Sometimes my knee’s a bit twingy. One good part of my job is that I can sit or I can stand. I can walk around the classroom. I have a lot of physical freedom depending upon how I script the day’s activities. Teaching works well for people who don’t like to sit. I’m probably a better teacher for my restlessness, too. Even as I try to keep students seated, I am able to feel compassion for those who struggle to stay with the program. I try to work breaks into the routine that let students get up and move around a little.

Area 51

What’s a teacher to do when her students ask if the government is secretly hiding alien invaders in Nevada?

“Not that I know of,” I reply, and then note that if the cover-up is a carefully-crafted, big secret, of course, we would not know.

I don’t want to encourage conspiracy theories.
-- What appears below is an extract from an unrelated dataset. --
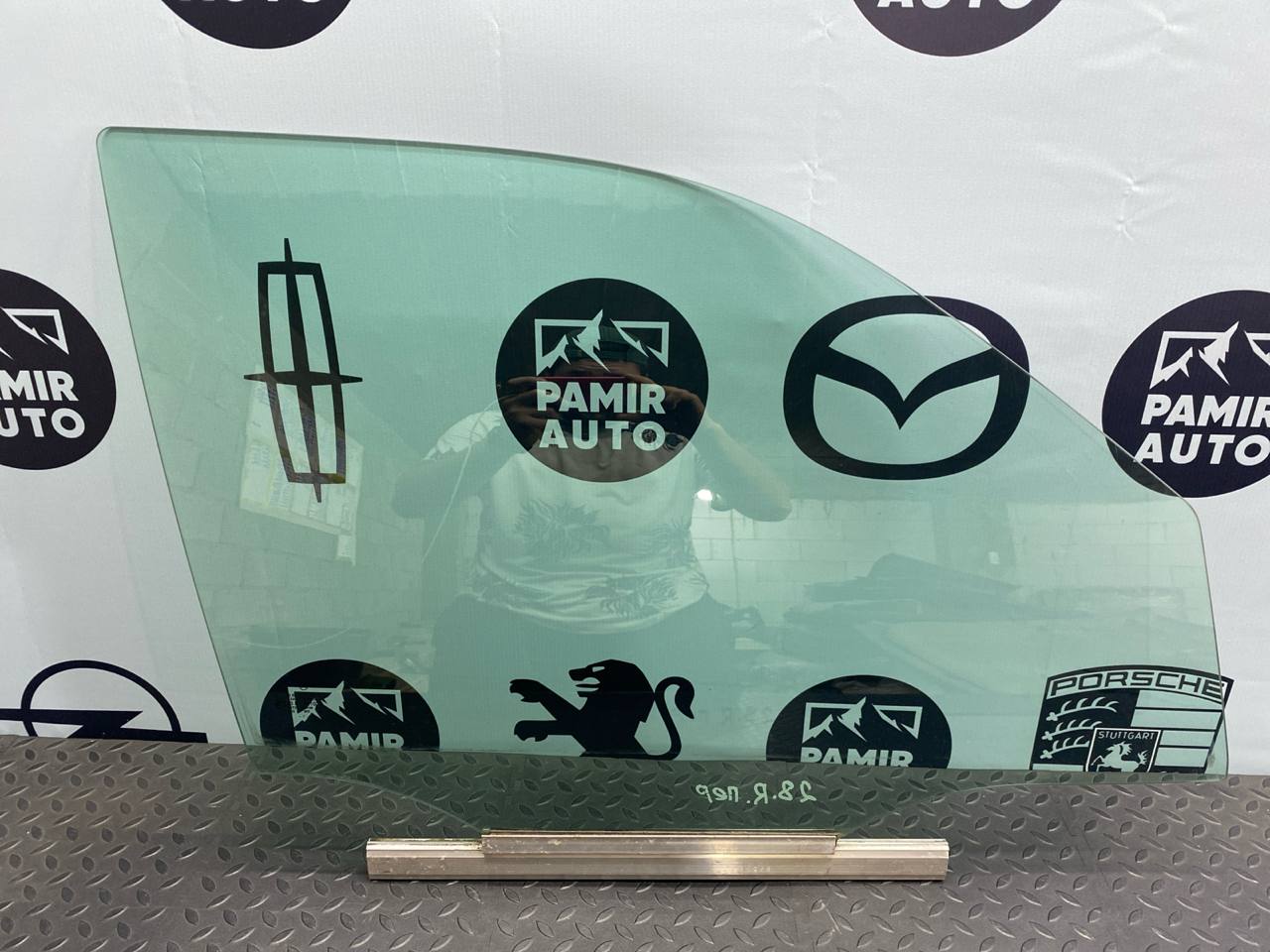 Стекло двери переднее правое Mercedes E/W210 1995-2003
I already have girlfriends who are afraid to take trains. But if we are trying to stimulate critical thinking, I can’t shut down this line of thought. The idea that “you can’t prove a negative” may be pseudologic, but how can I say that the concept of stashed aliens is absurd? I can’t prove that the truth is not out there, buried in some underground bunker in Nevada, so I just do my best to offer the facts and probabilities as I perceive them.
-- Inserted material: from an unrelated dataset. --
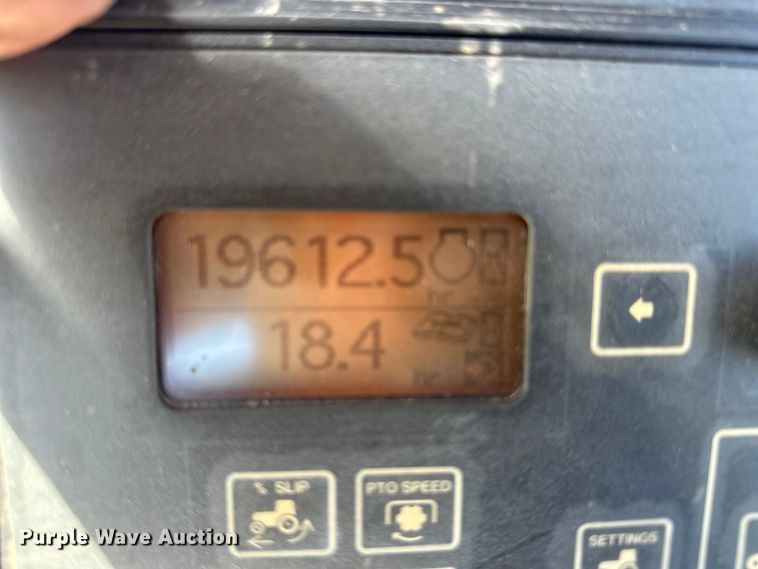 image for item IU9041 2006 John Deere 8430  MFWD tractor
In the end, they are looking at me as if I am a possible part of the conspiracy, wrecking their fun. They want secret government cover-ups. They seem to want aliens.
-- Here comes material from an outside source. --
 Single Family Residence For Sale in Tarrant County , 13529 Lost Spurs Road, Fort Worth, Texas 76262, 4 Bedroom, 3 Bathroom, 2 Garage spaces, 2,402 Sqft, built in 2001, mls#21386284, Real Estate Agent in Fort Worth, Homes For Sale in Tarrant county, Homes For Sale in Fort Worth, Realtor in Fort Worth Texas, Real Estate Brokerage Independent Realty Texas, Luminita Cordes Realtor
Eduhonesty: We need more Nova episodes and fewer Cupcake Wars.

A quick testing note

Standardized tests are normed on “regular” students.

Eduhonesty: This ensures that our lower-performing students in poor and urban districts — or anywhere else for that matter — will get their asses kicked by these tests. No other result is possible. “Regular” or “average” students set the difficulty level of the test, with the intent that these students will fall into the middle of the test distribution. Lower students then must fall to the bottom.

No bully on the playground could come up with a better plan for making a kid feel like a loser.